I started cutting joinery for the next version of the Essex County cupboard.

part of the lower case’s end framing

I hate to use the word “unique” when describing particular antique furniture. But these northern Essex County cupboards from the 1680s or so have some features that we don’t see elsewhere in New England furniture of that period. The framing I cut in the past day or two (part of the end framing of the lower case) illustrates some of that distinction. Two very deep (or tall) end rails are the first feature that stands out – these appear in the cupboards and also in some of the joined chests from this unidentified shop. These two are each 7 1/2″ high. Below is the original cupboard now at the Massachusetts Historical Society

MHS cupboard detail

Those double tenons on the rails join a “normal” stile at the rear, but at the front they join separate square blocks that are connected by the large turned pillar. Behind that pillar is a recessed stile that frames the middle two drawers. This recessed section, or the overhang above and below it, is part of this shop’s signature approach to making large cupboards.

So what’s “normal” look like? Here’s another shop from Essex County, another elaborate cupboard (at the Peabody Essex Museum in Salem). But look at the lower case, essentially a chest-of-drawers. All the drawer fronts are in the same plane – none of that overhanging “jetty” like the northern Essex County stuff. This is what most New England court/press/wainscot cupboards present for their lower case, whether it’s drawers or doors down there.

Symonds shop cupboard

Some of the overhangs are significant, some very slight. Here’s the one at Winterthur that Jennie Alexander used to call the “lunar lander.” Here the overhang is to the sides, not the front.

Winterthur cupboard

And the most extreme example, even with its later additions/changes – the Currier Gallery of Art cupboard. It has double-jetties both to the sides and the front in the lower case. Framing that takes some head-scratching.

Currier Gallery of Art

The deep rails appear on the joined chests-with-drawers, usually as the bottom rail on the ends. Here’s just one example.

Wadsworth Atheneum chest with drawer

It’s fun to be back at this sort of work. Time for a new log so I can keep going.

7 thoughts on “First joinery for the next cupboard

  1. If I were your patron, I would have chosen the Currier one. As I recall, the one now at Chipstone and the Currier one are one big case, no?

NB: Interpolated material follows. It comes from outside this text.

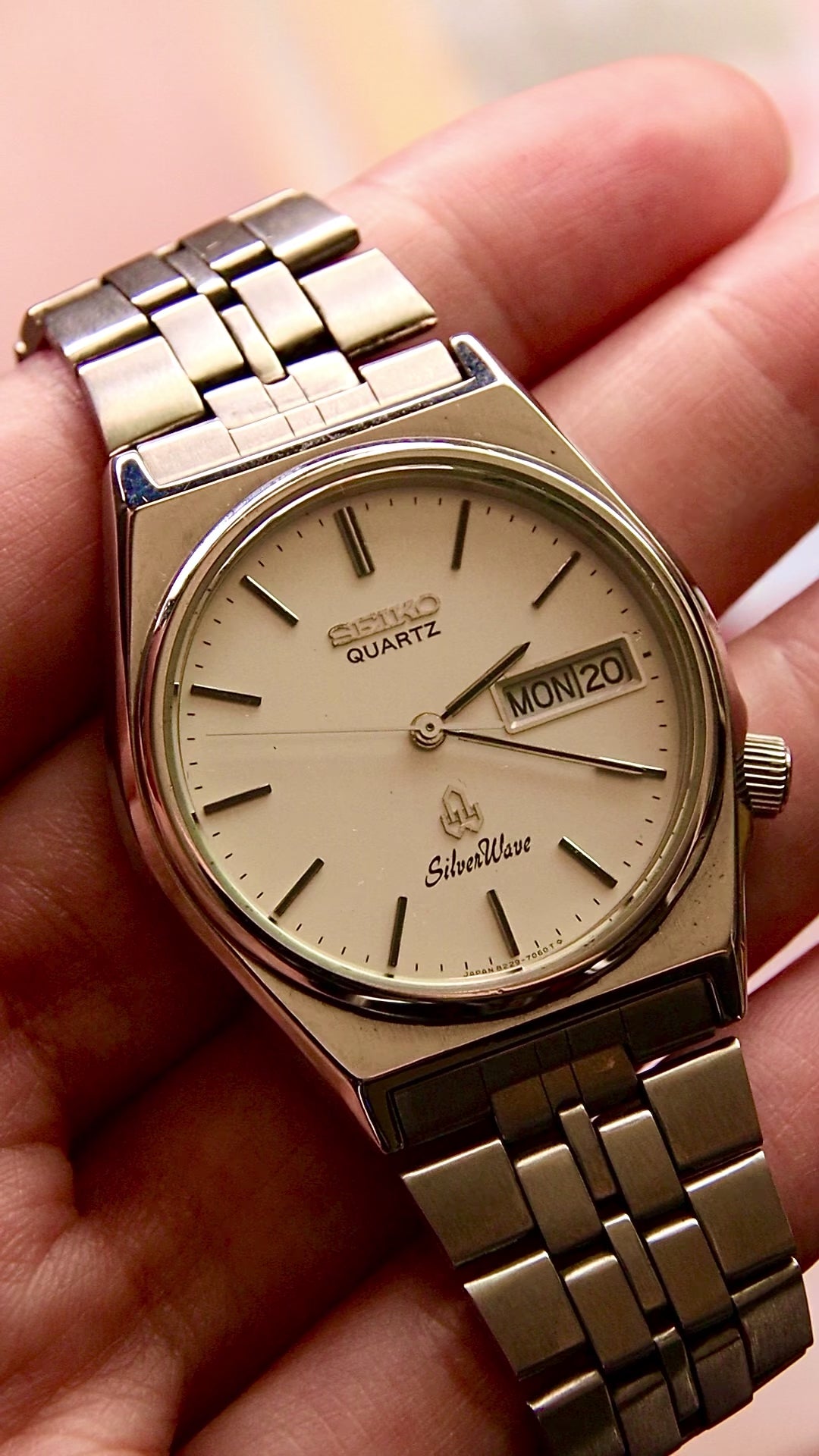 Seiko Silverwave In White Quartz Vintage Watch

  2. That cupboard reminded me that some time ago I spotted a relative of it in a thrift/antique store.
    I first noticed the carving, then the pinned tenon joinery and only then the overall design.
    This was in the Netherlands and I did take some pictures:

    https://imgur.com/lLPlOzs

  3. Such interesting pieces, and their elaborate ornamentation is unexpected for the period- at least to me.
    I have been wondering how you avoid glue squeezeout and manage to keep the appliques in place. I can imagine tiny brads to fix them in place. ( I have read of sprinkling salt in the glue, but nobody seems to have given any consideration to the chemistry of that, nor have I found historical precedent.)
    So if you could give a quickie overlook of the process I would be grateful.